# Workflow iPad Lightroom CC > external editor and back



## erwinverb (Aug 30, 2018)

Hi everyone,

this is my first post to this forum and what seems to be an extremely knowledgeable community! 

I hope I haven't overseen an existing thread on this topic - but are there people here who have adopted a workflow whereby they edit photos in Lightroom CC on a tablet, then make changes in an external editor (Photoshop, Affinity, ...) on said tablet and import those changes back into Lightroom CC (ultimately LR Classic on desktop)? Is it possible to do all this on the DNG format or will it always revert to a JPG variant?

Much thanks! Erwin


----------



## Victoria Bampton (Sep 7, 2018)

Hi Erwin, welcome to the forum!

External editors will always create a rendered file - like a JPEG or a Tiff - so you will end up with an extra file.


----------



## erwinverb (Sep 7, 2018)

Victoria Bampton said:


> External editors will always create a rendered file - like a JPEG or a Tiff - so you will end up with an extra file.



Thanks for confirming, Victoria!


----------



## mcasan (Oct 10, 2018)

That is why on our recent trip to Kenya the wife and I only import raw files into our iPads, cull, and then later import them to our iMacs using the Image Capture app.    Once the raw files are in a iMac folder we tell Lr to import them, do the renaming, and put them into date based folders.   We only edit in the field with the very limited Lr CC on the iPad if someone wants an edited image before we get home.


----------



## Victoria Bampton (Oct 10, 2018)

mcasan said:


> That is why [...] We only edit in the field with the very limited Lr CC on the iPad if someone wants an edited image before we get home.

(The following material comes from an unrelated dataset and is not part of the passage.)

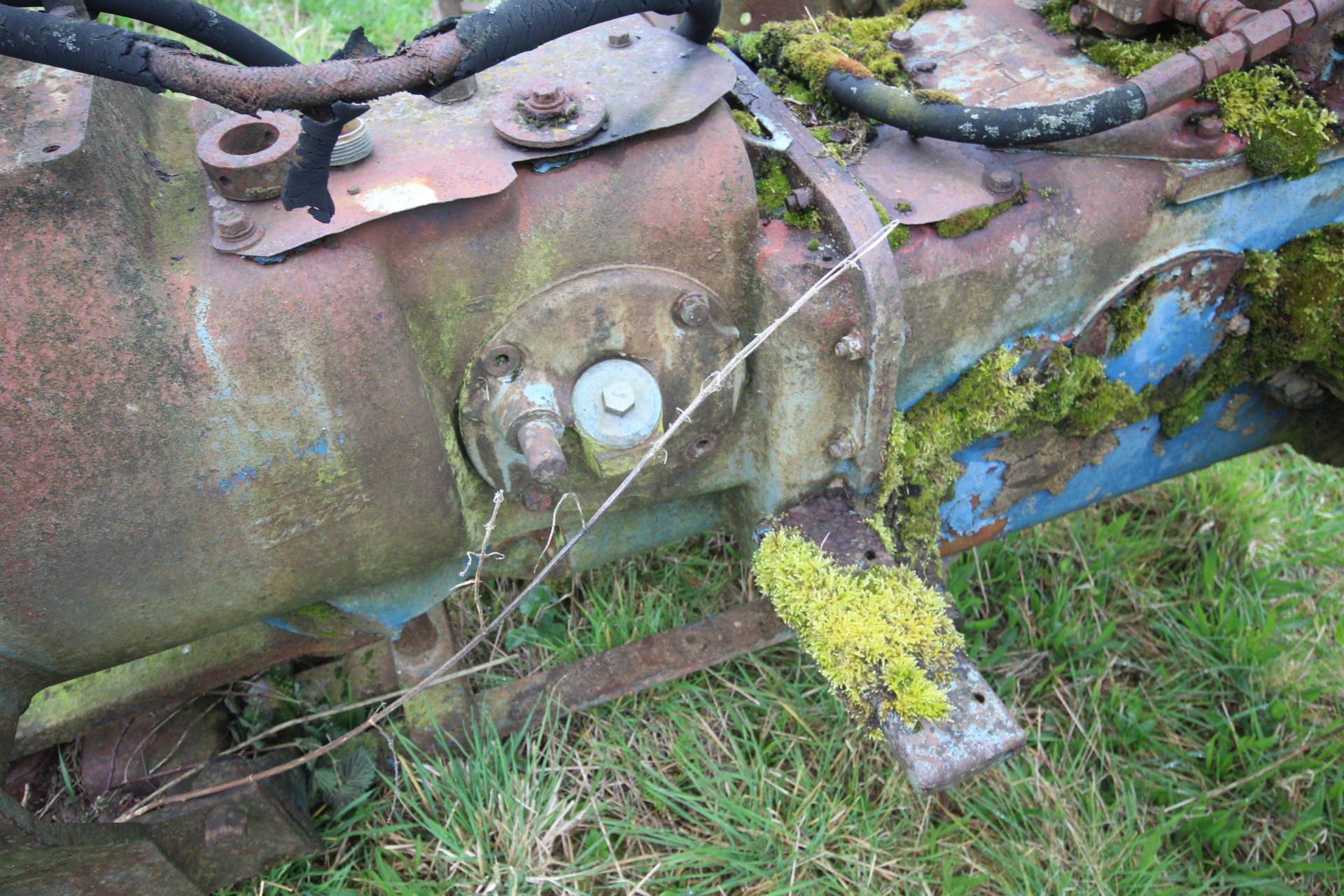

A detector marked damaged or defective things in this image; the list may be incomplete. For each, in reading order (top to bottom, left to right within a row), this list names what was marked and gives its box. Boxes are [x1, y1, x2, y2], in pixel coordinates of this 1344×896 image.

What is why? Editing in LRCC iPad is non-destructive like CC or Classic on the desktop.


----------



## mcasan (Oct 12, 2018)

non destructive yes.    With the feature parity with Lr Classic....no.   Also no plugins such as Topaz Studio.     For me Lr on iPad is how I show other collections that I have made and edited  in Lr Classic and plugins on the iMac.   For me iPad is for raw file collection in the field and for showing finished images....nothing in between.


----------